Task:
For the data below, please report each line where the word "Auto" is found.

Records provided:
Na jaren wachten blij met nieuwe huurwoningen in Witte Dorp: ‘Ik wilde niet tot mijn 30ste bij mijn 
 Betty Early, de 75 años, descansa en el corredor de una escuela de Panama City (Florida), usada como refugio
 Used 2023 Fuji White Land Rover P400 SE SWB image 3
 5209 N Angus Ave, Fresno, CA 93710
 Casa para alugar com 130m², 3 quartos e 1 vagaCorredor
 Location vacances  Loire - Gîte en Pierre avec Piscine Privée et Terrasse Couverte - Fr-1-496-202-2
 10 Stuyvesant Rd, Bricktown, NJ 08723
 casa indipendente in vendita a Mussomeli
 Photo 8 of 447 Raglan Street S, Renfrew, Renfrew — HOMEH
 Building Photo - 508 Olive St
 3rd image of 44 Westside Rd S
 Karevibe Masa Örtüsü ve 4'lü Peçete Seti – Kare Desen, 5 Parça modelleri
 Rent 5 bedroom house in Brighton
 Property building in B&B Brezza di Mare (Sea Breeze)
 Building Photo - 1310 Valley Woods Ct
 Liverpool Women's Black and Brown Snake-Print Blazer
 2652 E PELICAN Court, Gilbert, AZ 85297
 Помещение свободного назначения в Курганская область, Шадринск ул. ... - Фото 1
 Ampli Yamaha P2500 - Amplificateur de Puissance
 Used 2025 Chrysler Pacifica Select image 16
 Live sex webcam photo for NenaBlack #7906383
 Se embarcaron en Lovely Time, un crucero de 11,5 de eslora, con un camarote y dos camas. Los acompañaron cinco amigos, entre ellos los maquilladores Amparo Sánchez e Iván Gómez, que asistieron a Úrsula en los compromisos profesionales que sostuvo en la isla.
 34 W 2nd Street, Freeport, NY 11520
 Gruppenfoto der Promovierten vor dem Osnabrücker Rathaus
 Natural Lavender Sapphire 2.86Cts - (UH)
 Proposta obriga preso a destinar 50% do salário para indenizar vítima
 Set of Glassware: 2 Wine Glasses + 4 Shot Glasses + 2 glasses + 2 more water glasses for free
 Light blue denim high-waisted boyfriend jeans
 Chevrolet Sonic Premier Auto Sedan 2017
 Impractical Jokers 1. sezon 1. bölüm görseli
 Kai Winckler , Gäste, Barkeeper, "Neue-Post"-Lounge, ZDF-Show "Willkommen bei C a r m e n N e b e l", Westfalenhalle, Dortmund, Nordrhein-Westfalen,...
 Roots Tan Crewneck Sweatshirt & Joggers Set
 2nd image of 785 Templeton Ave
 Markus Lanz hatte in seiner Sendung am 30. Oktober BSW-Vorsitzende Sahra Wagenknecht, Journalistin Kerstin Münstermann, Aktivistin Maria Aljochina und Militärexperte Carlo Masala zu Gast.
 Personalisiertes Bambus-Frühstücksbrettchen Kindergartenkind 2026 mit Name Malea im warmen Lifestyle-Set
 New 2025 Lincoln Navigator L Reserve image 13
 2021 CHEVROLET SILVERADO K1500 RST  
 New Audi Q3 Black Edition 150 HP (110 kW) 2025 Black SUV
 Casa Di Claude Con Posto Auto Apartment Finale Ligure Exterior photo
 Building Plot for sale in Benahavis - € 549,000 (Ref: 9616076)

Worked solution:
 Chevrolet Sonic Premier Auto Sedan 2017
 Casa Di Claude Con Posto Auto Apartment Finale Ligure Exterior photo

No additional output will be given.